> **BRIEF**: Only some lines are wanted. Transcribe, exactly, the lines below from the line with "Разбился пассажирский самолет Ан-24 Разбился" up to and including the line with "Lentes De Contacto".

> **THE DATA**:
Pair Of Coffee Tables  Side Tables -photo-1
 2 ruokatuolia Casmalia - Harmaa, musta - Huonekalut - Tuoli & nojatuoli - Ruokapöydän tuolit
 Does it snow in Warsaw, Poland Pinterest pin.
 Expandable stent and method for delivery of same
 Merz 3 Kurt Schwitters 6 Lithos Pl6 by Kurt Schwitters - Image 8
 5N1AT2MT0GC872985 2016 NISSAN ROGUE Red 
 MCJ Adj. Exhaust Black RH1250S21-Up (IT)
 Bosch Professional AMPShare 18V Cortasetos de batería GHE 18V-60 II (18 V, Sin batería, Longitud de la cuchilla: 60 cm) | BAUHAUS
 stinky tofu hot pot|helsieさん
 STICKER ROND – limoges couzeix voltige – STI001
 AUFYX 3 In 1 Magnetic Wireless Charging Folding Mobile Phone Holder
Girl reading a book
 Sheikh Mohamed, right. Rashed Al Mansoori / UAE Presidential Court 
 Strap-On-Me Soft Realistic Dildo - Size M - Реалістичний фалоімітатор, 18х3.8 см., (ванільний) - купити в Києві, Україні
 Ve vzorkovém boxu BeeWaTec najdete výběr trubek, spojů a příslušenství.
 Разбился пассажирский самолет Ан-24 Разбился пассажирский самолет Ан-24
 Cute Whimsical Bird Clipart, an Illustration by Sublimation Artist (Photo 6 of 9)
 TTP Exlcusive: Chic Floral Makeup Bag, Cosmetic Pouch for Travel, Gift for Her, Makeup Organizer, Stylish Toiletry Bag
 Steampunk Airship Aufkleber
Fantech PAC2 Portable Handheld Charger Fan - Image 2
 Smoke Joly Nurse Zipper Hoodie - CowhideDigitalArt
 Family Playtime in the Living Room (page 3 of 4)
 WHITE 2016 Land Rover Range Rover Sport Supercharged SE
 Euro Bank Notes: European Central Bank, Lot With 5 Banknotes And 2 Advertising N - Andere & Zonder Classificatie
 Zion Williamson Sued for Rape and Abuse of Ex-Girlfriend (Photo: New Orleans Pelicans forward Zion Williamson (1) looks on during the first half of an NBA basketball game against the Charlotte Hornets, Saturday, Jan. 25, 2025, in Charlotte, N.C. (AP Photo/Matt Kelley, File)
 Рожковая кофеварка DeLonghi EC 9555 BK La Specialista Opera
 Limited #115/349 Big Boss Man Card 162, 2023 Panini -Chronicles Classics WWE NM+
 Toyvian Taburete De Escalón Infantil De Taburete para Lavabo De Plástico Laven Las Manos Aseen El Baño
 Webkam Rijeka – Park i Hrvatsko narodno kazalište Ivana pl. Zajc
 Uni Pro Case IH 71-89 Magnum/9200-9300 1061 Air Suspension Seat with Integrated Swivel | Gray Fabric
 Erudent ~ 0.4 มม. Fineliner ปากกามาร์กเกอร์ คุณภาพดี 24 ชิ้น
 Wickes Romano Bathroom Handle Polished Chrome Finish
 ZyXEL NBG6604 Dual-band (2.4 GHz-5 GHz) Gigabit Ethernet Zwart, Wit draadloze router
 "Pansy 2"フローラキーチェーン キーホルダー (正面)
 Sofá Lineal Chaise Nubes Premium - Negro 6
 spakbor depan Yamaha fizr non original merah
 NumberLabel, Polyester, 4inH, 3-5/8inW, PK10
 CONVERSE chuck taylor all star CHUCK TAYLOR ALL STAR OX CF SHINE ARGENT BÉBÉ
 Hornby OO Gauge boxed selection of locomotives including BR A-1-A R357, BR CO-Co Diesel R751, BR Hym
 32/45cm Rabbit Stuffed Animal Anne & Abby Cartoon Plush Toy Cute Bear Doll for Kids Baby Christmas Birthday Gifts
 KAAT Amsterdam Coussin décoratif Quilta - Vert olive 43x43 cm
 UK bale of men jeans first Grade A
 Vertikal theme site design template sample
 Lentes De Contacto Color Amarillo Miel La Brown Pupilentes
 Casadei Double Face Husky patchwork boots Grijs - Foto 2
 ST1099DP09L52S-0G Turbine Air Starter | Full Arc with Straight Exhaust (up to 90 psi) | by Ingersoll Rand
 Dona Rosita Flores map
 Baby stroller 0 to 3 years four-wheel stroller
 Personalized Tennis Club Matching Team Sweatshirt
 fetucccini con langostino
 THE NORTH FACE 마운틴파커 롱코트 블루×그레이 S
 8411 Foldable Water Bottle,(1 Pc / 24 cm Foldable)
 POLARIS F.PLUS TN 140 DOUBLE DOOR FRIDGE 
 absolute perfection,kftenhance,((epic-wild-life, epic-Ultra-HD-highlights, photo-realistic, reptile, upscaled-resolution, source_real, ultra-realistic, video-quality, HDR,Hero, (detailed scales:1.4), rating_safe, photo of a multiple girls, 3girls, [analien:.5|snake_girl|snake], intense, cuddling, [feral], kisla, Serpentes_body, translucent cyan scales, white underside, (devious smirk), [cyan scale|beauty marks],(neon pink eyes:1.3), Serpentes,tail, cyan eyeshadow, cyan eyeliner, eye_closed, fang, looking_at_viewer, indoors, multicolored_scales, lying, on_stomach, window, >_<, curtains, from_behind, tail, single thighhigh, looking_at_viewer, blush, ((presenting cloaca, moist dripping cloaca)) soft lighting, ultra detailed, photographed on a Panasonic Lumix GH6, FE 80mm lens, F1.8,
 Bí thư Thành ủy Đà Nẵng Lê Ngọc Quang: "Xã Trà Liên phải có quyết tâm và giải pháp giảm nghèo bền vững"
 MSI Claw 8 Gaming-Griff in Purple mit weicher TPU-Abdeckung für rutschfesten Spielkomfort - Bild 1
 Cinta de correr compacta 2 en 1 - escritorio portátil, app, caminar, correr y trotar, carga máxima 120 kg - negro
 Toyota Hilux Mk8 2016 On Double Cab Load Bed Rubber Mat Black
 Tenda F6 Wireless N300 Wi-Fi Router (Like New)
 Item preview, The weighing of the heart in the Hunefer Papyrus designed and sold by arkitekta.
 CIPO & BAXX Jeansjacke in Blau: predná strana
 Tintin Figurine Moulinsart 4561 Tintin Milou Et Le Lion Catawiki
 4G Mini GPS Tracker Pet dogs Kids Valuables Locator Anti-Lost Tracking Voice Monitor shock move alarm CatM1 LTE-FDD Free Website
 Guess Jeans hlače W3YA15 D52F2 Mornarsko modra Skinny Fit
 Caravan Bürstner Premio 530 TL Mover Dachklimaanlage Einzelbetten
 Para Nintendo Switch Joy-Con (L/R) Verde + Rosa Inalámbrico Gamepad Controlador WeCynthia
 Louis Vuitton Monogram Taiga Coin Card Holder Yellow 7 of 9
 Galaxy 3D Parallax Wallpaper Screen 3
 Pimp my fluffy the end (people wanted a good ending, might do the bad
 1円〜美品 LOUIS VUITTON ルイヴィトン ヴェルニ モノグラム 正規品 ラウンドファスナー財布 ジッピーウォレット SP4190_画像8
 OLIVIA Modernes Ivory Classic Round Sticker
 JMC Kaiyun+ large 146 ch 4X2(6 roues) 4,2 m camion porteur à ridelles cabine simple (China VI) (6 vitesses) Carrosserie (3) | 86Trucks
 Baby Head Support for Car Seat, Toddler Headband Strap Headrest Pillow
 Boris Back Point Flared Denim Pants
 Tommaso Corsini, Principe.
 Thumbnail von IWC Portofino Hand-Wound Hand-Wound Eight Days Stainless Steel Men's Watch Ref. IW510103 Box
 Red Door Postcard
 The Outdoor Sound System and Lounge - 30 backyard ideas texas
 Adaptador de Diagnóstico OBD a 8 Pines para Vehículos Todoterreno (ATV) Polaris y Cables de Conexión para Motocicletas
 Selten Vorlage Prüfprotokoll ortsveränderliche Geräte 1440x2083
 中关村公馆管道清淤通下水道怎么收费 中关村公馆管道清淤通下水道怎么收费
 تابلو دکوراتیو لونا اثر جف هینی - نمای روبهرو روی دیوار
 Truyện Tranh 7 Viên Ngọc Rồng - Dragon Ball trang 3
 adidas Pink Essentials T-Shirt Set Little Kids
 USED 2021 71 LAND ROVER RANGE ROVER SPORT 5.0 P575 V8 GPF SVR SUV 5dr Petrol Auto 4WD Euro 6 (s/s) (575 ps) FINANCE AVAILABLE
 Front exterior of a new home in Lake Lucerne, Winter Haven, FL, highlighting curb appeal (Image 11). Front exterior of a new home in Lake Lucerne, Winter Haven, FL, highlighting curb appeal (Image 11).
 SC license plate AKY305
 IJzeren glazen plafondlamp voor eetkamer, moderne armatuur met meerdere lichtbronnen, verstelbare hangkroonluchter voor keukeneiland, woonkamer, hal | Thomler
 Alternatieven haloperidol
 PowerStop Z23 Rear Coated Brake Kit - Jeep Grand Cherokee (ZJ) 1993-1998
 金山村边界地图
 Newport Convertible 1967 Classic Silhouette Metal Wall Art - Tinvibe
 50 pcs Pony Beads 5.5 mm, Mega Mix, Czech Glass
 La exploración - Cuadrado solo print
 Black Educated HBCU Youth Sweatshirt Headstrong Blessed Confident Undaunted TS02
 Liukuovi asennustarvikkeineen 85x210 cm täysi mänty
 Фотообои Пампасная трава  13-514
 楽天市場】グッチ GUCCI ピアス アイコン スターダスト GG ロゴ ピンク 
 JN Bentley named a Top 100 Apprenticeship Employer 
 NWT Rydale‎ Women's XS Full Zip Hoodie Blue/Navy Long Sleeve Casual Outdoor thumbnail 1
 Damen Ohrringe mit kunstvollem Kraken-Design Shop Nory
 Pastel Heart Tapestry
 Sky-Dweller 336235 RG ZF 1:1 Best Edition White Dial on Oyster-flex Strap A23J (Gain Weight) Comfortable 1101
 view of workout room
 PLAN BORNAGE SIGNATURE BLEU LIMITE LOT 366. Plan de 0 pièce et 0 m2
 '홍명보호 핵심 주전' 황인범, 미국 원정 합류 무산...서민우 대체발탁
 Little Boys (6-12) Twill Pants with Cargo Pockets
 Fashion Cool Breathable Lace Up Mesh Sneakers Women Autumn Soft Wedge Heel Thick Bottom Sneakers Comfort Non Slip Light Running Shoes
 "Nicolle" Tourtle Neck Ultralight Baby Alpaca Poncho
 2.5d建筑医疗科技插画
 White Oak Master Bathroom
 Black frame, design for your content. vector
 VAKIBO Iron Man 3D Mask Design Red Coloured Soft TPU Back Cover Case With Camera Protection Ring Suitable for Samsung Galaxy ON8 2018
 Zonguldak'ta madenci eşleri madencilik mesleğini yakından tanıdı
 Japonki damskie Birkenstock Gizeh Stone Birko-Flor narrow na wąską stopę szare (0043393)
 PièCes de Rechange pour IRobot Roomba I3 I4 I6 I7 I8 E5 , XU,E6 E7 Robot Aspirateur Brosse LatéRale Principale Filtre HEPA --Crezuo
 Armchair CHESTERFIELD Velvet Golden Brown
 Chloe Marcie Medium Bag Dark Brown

> **TASK RESULT**:
 Разбился пассажирский самолет Ан-24 Разбился пассажирский самолет Ан-24
 Cute Whimsical Bird Clipart, an Illustration by Sublimation Artist (Photo 6 of 9)
 TTP Exlcusive: Chic Floral Makeup Bag, Cosmetic Pouch for Travel, Gift for Her, Makeup Organizer, Stylish Toiletry Bag
 Steampunk Airship Aufkleber
Fantech PAC2 Portable Handheld Charger Fan - Image 2
 Smoke Joly Nurse Zipper Hoodie - CowhideDigitalArt
 Family Playtime in the Living Room (page 3 of 4)
 WHITE 2016 Land Rover Range Rover Sport Supercharged SE
 Euro Bank Notes: European Central Bank, Lot With 5 Banknotes And 2 Advertising N - Andere & Zonder Classificatie
 Zion Williamson Sued for Rape and Abuse of Ex-Girlfriend (Photo: New Orleans Pelicans forward Zion Williamson (1) looks on during the first half of an NBA basketball game against the Charlotte Hornets, Saturday, Jan. 25, 2025, in Charlotte, N.C. (AP Photo/Matt Kelley, File)
 Рожковая кофеварка DeLonghi EC 9555 BK La Specialista Opera
 Limited #115/349 Big Boss Man Card 162, 2023 Panini -Chronicles Classics WWE NM+
 Toyvian Taburete De Escalón Infantil De Taburete para Lavabo De Plástico Laven Las Manos Aseen El Baño
 Webkam Rijeka – Park i Hrvatsko narodno kazalište Ivana pl. Zajc
 Uni Pro Case IH 71-89 Magnum/9200-9300 1061 Air Suspension Seat with Integrated Swivel | Gray Fabric
 Erudent ~ 0.4 มม. Fineliner ปากกามาร์กเกอร์ คุณภาพดี 24 ชิ้น
 Wickes Romano Bathroom Handle Polished Chrome Finish
 ZyXEL NBG6604 Dual-band (2.4 GHz-5 GHz) Gigabit Ethernet Zwart, Wit draadloze router
 "Pansy 2"フローラキーチェーン キーホルダー (正面)
 Sofá Lineal Chaise Nubes Premium - Negro 6
 spakbor depan Yamaha fizr non original merah
 NumberLabel, Polyester, 4inH, 3-5/8inW, PK10
 CONVERSE chuck taylor all star CHUCK TAYLOR ALL STAR OX CF SHINE ARGENT BÉBÉ
 Hornby OO Gauge boxed selection of locomotives including BR A-1-A R357, BR CO-Co Diesel R751, BR Hym
 32/45cm Rabbit Stuffed Animal Anne & Abby Cartoon Plush Toy Cute Bear Doll for Kids Baby Christmas Birthday Gifts
 KAAT Amsterdam Coussin décoratif Quilta - Vert olive 43x43 cm
 UK bale of men jeans first Grade A
 Vertikal theme site design template sample
 Lentes De Contacto Color Amarillo Miel La Brown Pupilentes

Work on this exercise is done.